TOKYO, Sept 29 (Reuters) - The Japanese government will
provide support through public financial institutions to help
utilities secure liquefied natural gas (LNG) amid a surge in
spot prices, the industry minister said on Thursday.
"The Japan Bank for International Cooperation (JBIC) and
other public financial institutions will offer support to
Japanese companies in procuring LNG to ensure adequate fuel
supplies," Yasutoshi Nishimura, the industry minister, told an
LNG Producer-Consumer Conference.
"We believe such a move will contribute to stable LNG supply
in Asia," he said.
Japan wants to avoid an energy crunch by offering financial
support before winter, when heating demand is expected to
increase. Spot LNG prices remain at high levels amid a risk of
supply disruption from Russia given its war with Ukraine.

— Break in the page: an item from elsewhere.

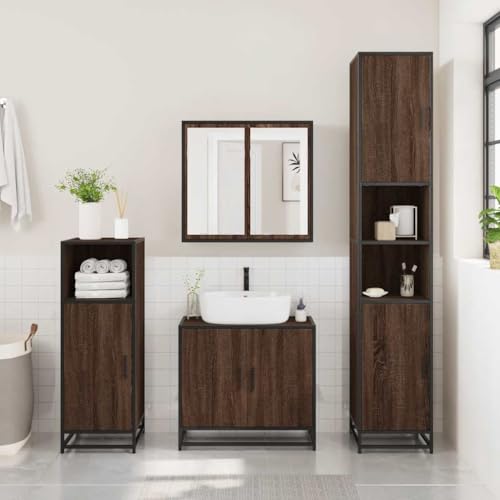 HEFZGDB 3-TLG. Badmöbel-Set Braun Eichen-Optik Holzwerkstoff Kleines Schränkchen Badschrank Klein Badezimmerschränke Mehrzweckschrank für Gästezimmer Toilette Badezimmer Küche HEFZGDB 3-TLG. Badmöbel-Set Braun Eichen-Optik Holzwerkstoff Kleines Schränkchen Badschrank Klein Badezimmerschränke Mehrzweckschrank für Gästezimmer Toilette Badezimmer Küche von HEFZGDB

Details of the planned support were not given, but JBIC will
provide low-interest loans to electric power utilities and city
gas companies to buy the super-chilled fuel from the spot
market, the Nikkei business daily reported earlier on Thursday,
without citing sources.
Japanese utilities buy the bulk of their LNG through
long-term contracts, but about 20% comes from the spot market.
Asian spot LNG prices have skyrocketed this year, hitting a
record high in August, though they since have eased because of
high inventory levels and governments' efforts to curb demand in
Europe. There are, however, market fears that a cold winter in
Europe could see prices return to record levels.
Japan imports about 10% of its LNG from Russia, mainly from
Sakhalin-2.
It would cost Japan more than 1 trillion yen ($6.9 billion)
to buy 6 million tonnes of LNG a year from the spot market if
shipments from Russia were stopped completely, the Nikkei said.